Table 6 shows the static model evaluation of the Shariah-compliant and non-Shariah-compliant firms. Cash to Total Asset (CTA) is an independent variable. The results of t-test show that the unobserved individual firms' effect is not insignificant statistically. Hence, the null hypothesis is rejected. It is implicit that OLS regression for estimating the cash holding relationship and establishing financial determinants is unsuitable, expressing heteroskedasticity. While, the results of Hausman test recommend the rejection of null hypothesis due to the deficit of correlation between the unobserved individual firms' effect and the regressors. This shows that the random-effects model is the most suitable method for relationship modelling between financial determinants and cash holdings. Table 7 depicts the panel regression effect of Shariah status on cash holdings (cash to net assets).

The proxy to cash holdings, that is, cash to net asset is summarized below in Tables 7 and 8. Shariah is the primary variable in regression, the dummy variable that correlates the results between the two groups of cash holdings. The coefficient sign of the variable Shariah is negative and statistically significant at a significance level of p < 0.01. It implies that the Shariah-compliant firms hold more cash than the non-Shariah-compliant firms.

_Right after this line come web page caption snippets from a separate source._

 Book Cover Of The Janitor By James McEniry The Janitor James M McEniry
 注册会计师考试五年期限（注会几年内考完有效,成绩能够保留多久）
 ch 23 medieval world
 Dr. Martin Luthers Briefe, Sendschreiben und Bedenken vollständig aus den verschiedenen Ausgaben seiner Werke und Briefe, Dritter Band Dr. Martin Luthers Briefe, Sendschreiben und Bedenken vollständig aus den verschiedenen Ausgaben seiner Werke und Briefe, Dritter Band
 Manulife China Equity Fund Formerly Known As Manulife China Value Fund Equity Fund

The results in Table 6 report that Shariah-compliance shapes firms' cash holding decisions and explains the optimal cash holding difference among the two types of firms. Notably, the cash holding level in Shariah-compliant firms is more than that of the non-Shariah-compliant firms. The high level of cash holdings in Shariah-compliant firms verifies the hypothesis that religious restrictions on these firms prohibit them to rely on external financing and inflict significant transaction costs. Past research on other countries also revealed the same results (Alnori & Alqahtani, 2019; Bugshan et al., 2021; Choi et al., 2019; Dittmar et al., 2003; Ferreira & Vilela, 2004; Guizani, 2017).

Furthermore, the table shows that leverage has a statistically negative association with cash holdings to net asset at a significance level of 1%. It indicates that firms with access to external financing hold less cash than those with a limited access to external financing. This finding is in line with the pecking order theory. Furthermore, the difference in leverage and cash holding level between Shariah and non-Shariah-compliant firms is associated with the transaction cost of the trade-off theory. The third hypothesis is that leverage negatively affects both types of firms. This finding is compatible with the past studies on cash holdings (Al-Najjar, 2013; Anand et al.,2018; Chen & Lin, 2018; Choi et al., 2019; Dittmar et al., 2003; Opler et al., 1999). The net working capital is positively associated with cash holdings to net asset at β 0.210, indicating that firms have incurred excess current liabilities. The cash conversion cycle is longer and this variable is connected with the pecking order theory. The fifth hypothesis is accepted due to the positive association with cash in both Shariah-compliant and non-Shariah-compliant firms. Prior studies depicted the same results (Opler et al., 1999; Wang & Kabiraj, 2016).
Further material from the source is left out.